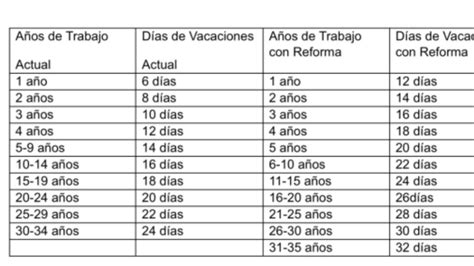 ¿cuántos Días De Vacaciones Te Tocarían Si Se Aprueba La Reforma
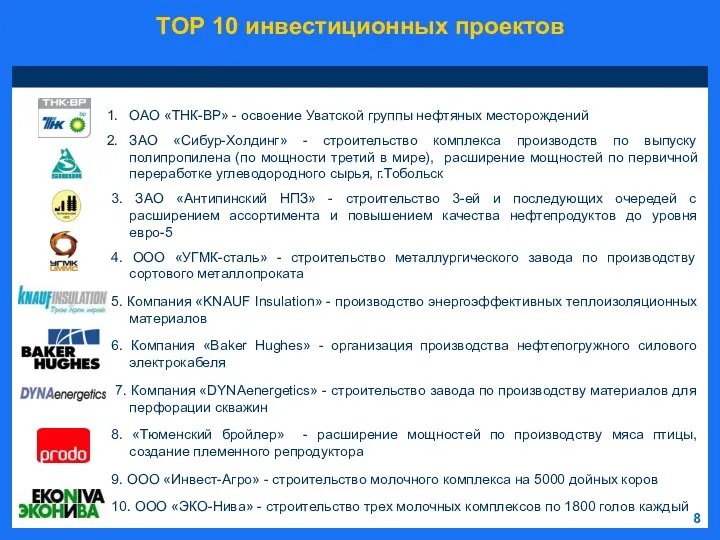 ОАО «ТНК-ВР» - освоение Уватской группы нефтяных месторождений ЗАО «Сибур-Холдинг» - строительство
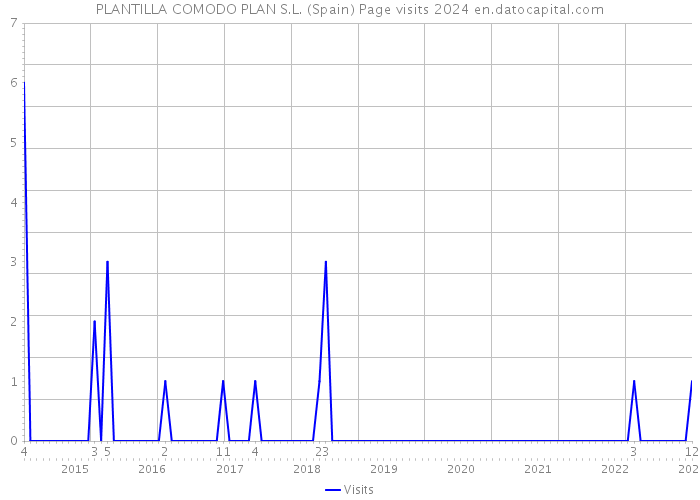 PLANTILLA COMODO PLAN S.L. (Spain) Page visits 2024 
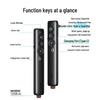 Accesorii pentru electronice – Telecomenzi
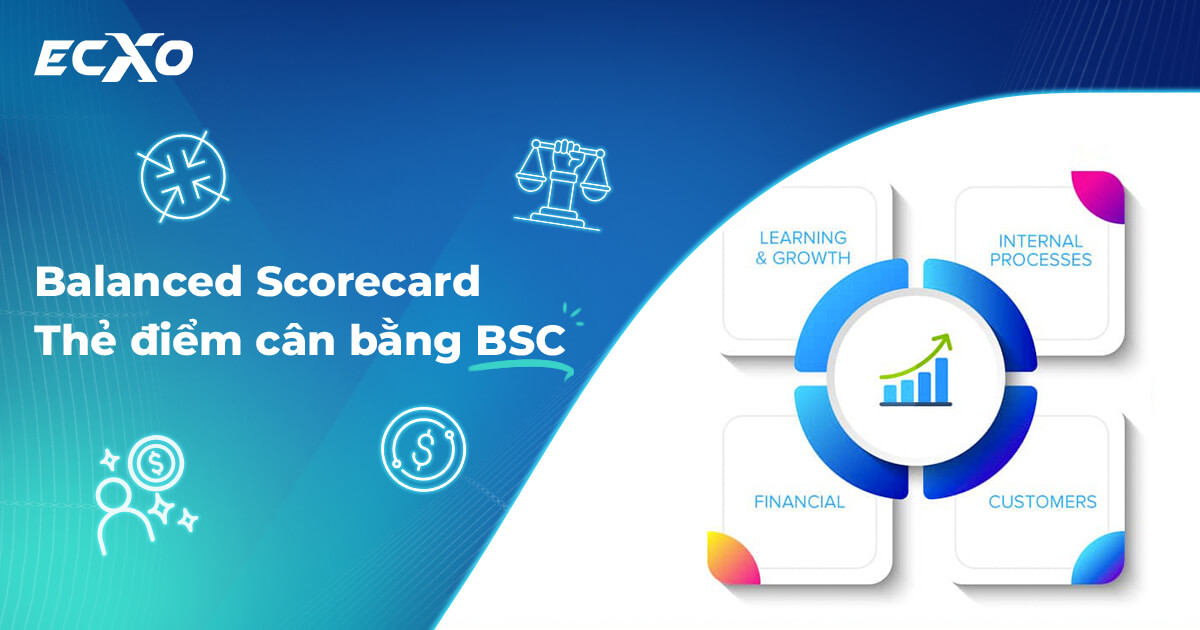 Phân tích thẻ điểm cân bằng (BSC) và vai trò trung gian của đổi mới Cwincom hiện đang mở đối với hiệu suất Cwincom hiện đang mở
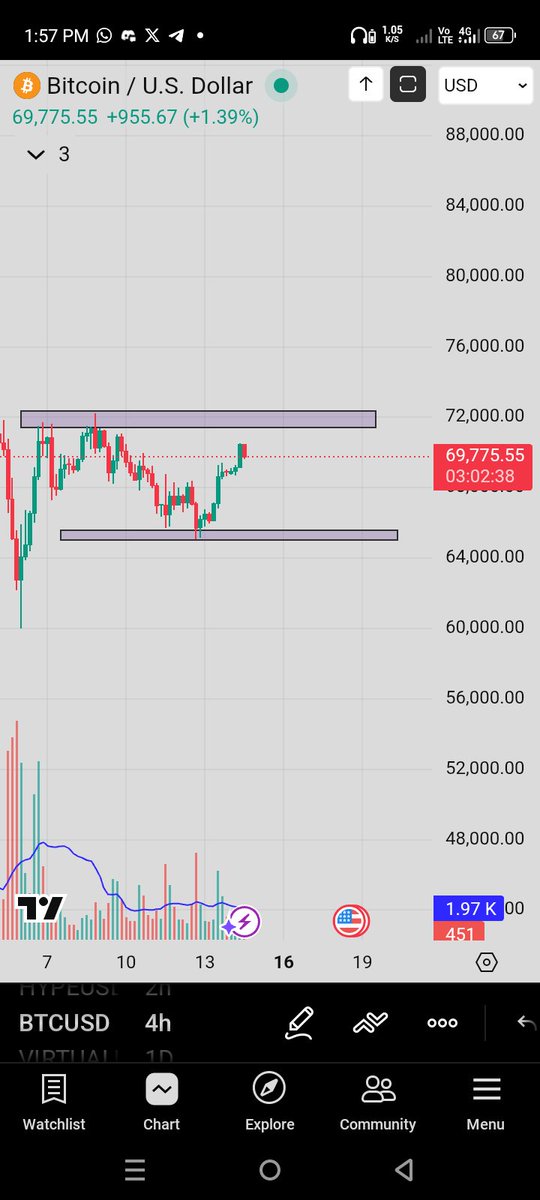 WebHunter_'s tweet image. WHAT ARE YOUR THOUGHTS ON BITCOIN?

Already in a consolidation range the upper and lower boundaries of the range are marked on the chart.
As long as price remain within this range we shouldn't expect a strong directional move.
At this point patience is the key...
Let's watch👍👍
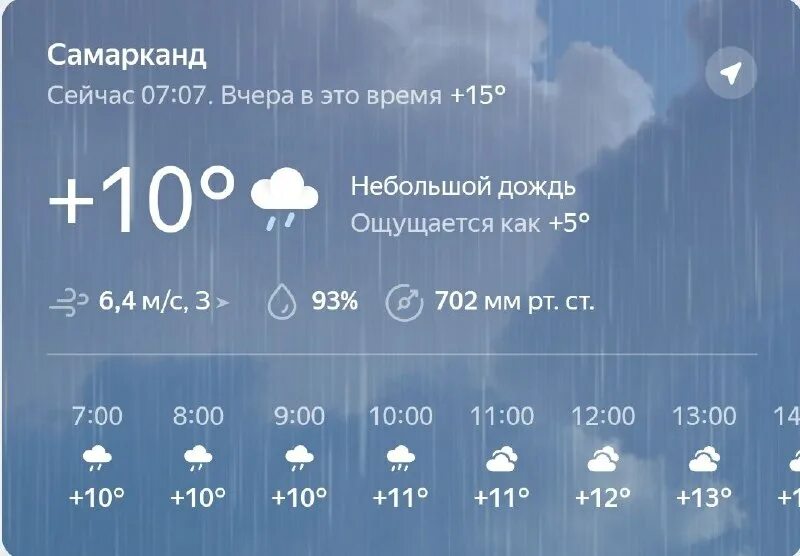 ночь облачно как в погоде. прогноз погоды в самарканде на 10. погода в самарканде на месяц. самарканд обухово. ясная погода.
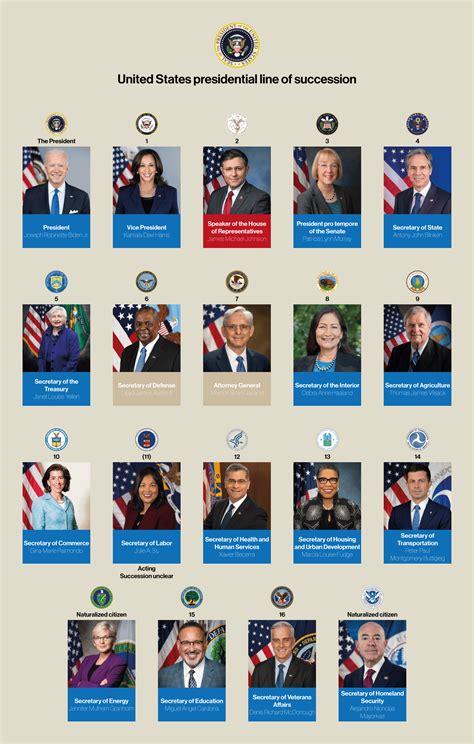 Presidential Line Of Succession: Who Follows The United States President - RYZE Superfoods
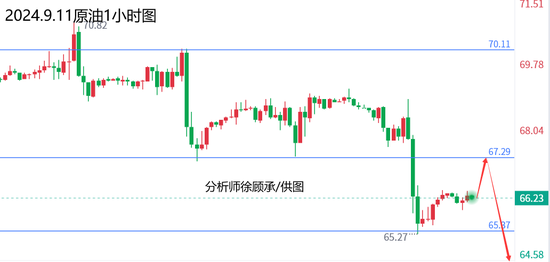 新澳門(mén)綜合走勢(shì)圖分析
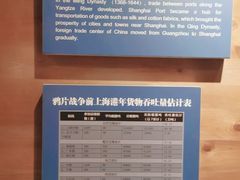 -上海中国航海博物馆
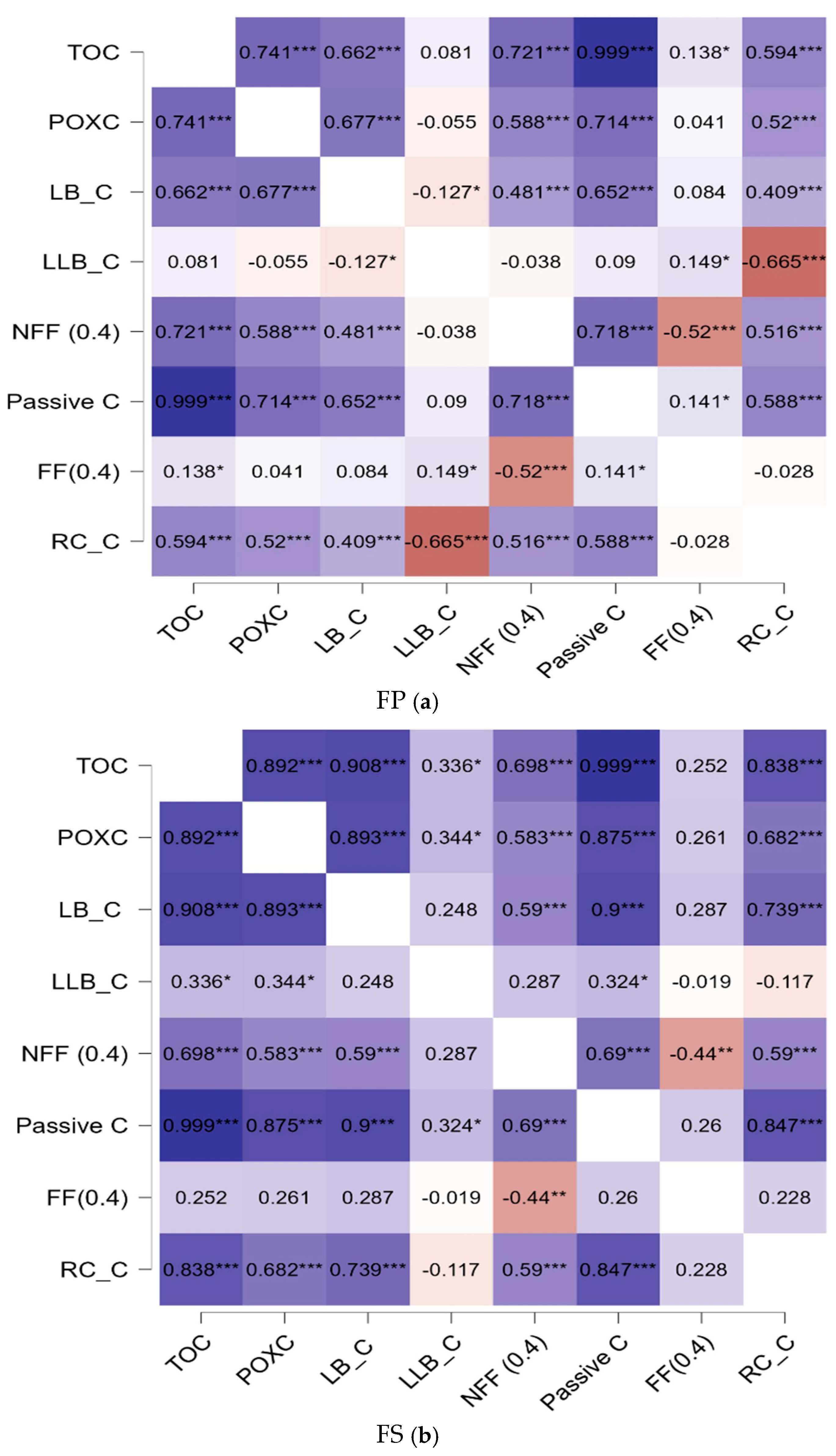 Agronomy 14 02587 g006a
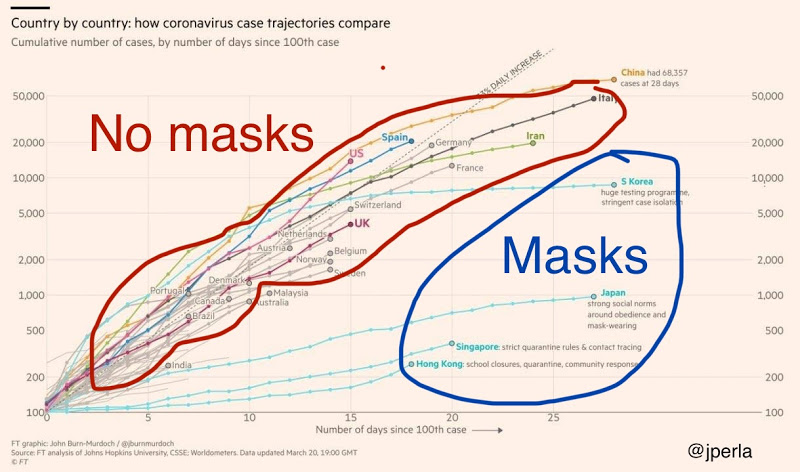OK, so we've just listed some recent studies. But what might have caught your attention is this intriguing graph markup by  @jperla. Look at the 'mask countries' vs the 'no mask' countries. 10/15:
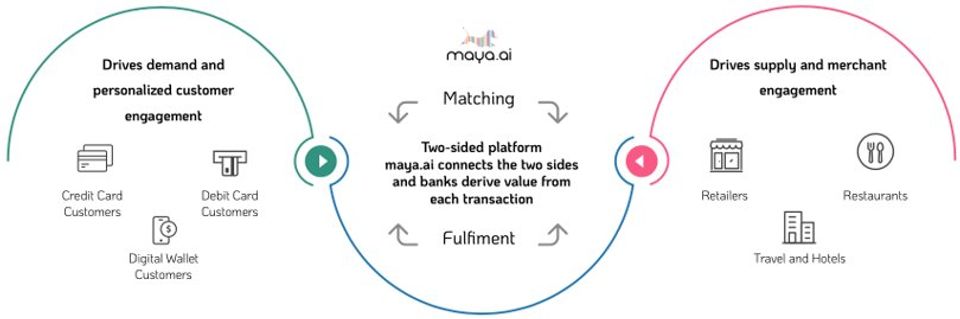 Crayon Data maya.ai screenshot 1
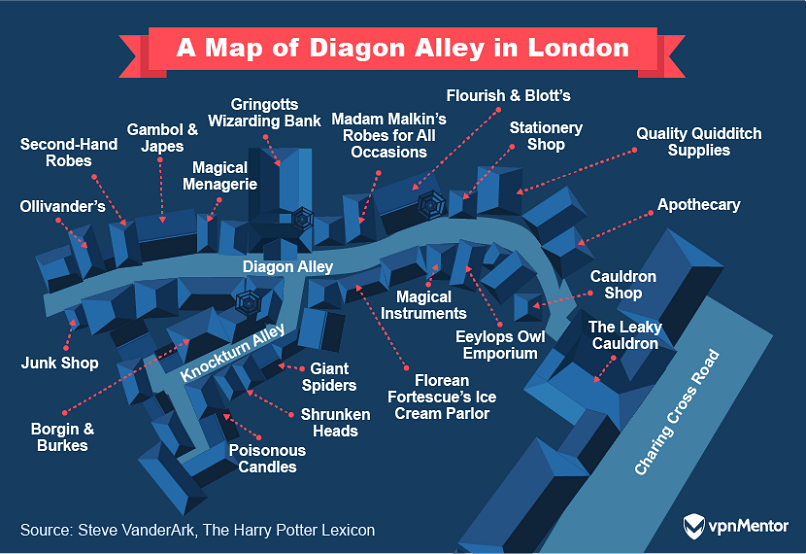 Map of Diagon Alley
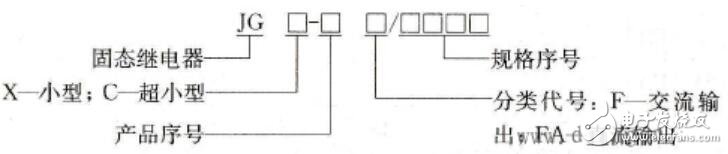 固態(tài)繼電器型號有哪些_固態(tài)繼電器型號含義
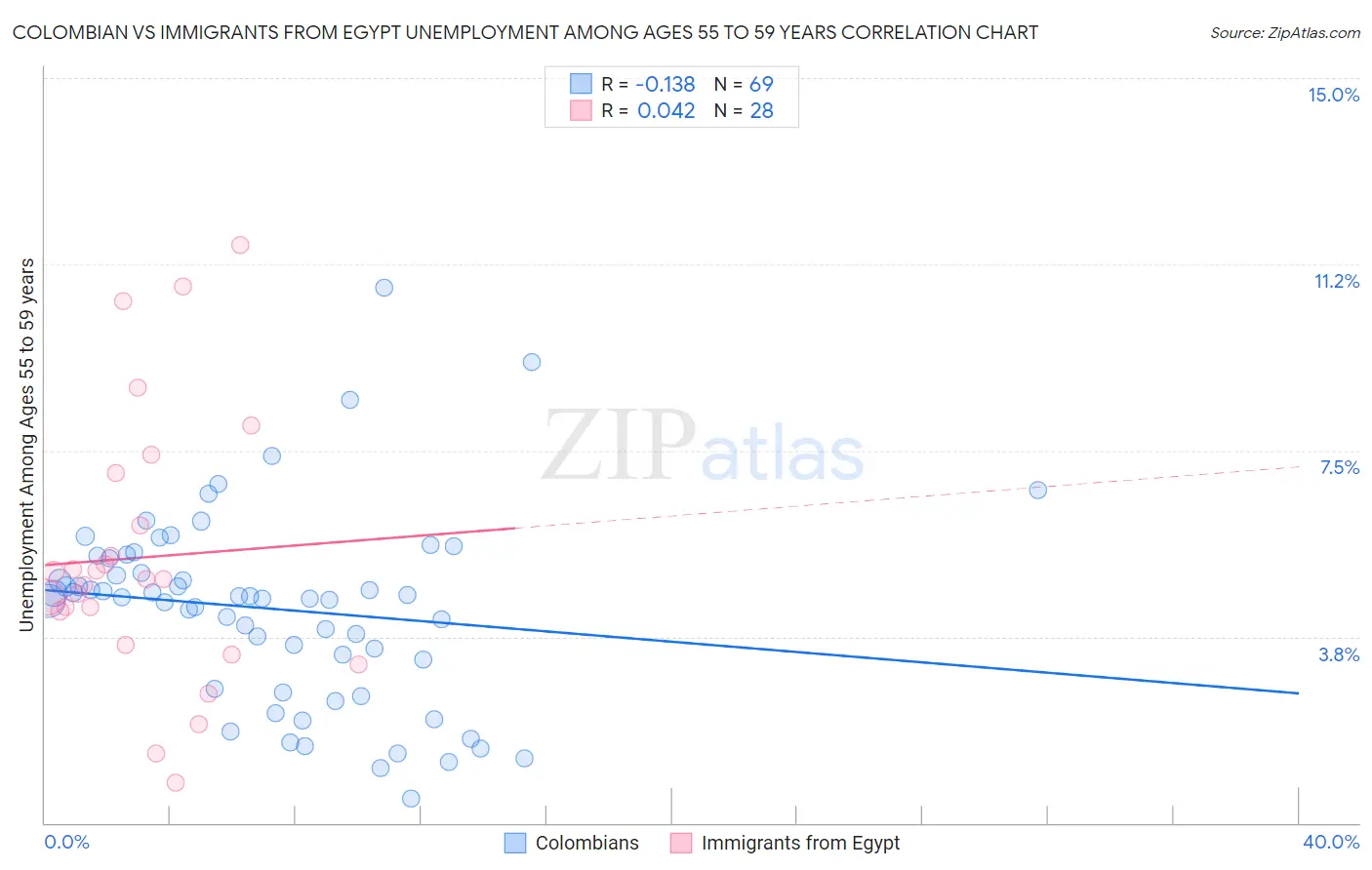 Colombian vs Immigrants from Egypt Unemployment Among Ages 55 to 59 years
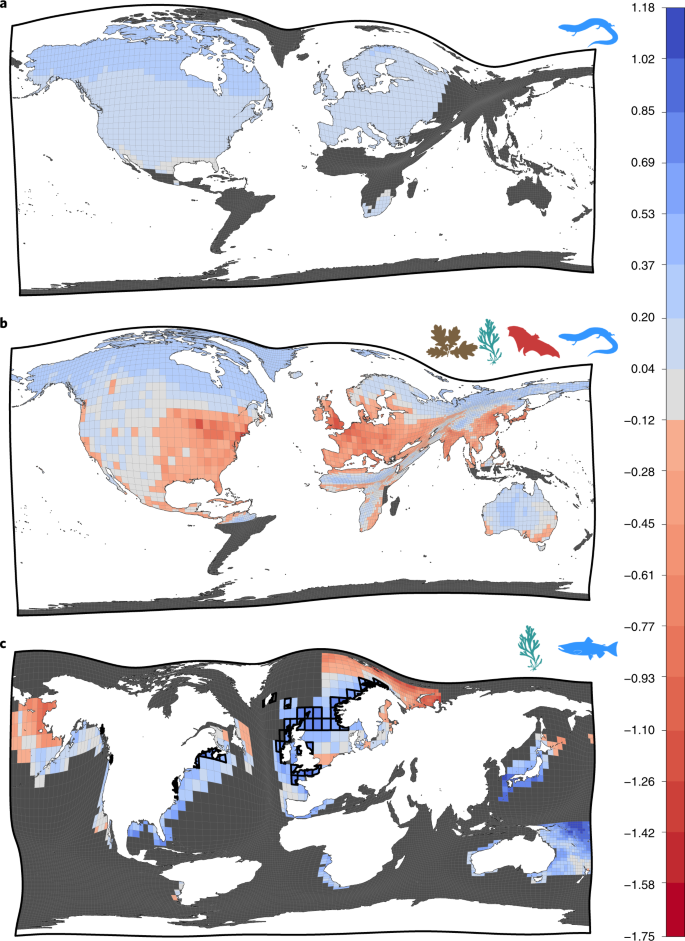 Species Better Track Climate Warming In The Oceans Than On Land Nature Ecology Evolution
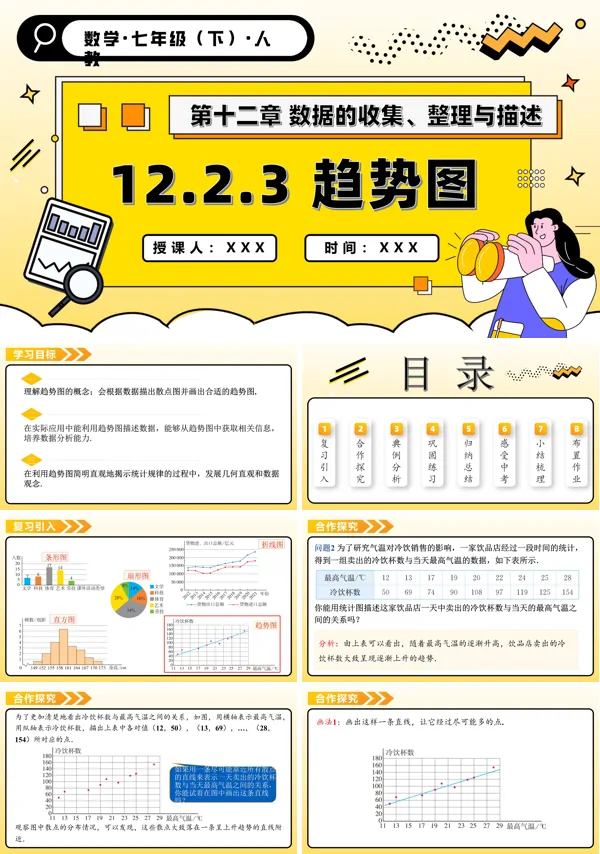 人教七年级数学下册第十二章 趋势图PPT课件含教案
——
PROBLEM DETAILS: Exactly the lines from the top of the listing through the line with "Accesorii pentru electronice – Telecomenzi", and no pictures, should be printed.

RESPONSE:
 ¿cuántos Días De Vacaciones Te Tocarían Si Se Aprueba La Reforma
 ОАО «ТНК-ВР» - освоение Уватской группы нефтяных месторождений ЗАО «Сибур-Холдинг» - строительство
 PLANTILLA COMODO PLAN S.L. (Spain) Page visits 2024 
 Accesorii pentru electronice – Telecomenzi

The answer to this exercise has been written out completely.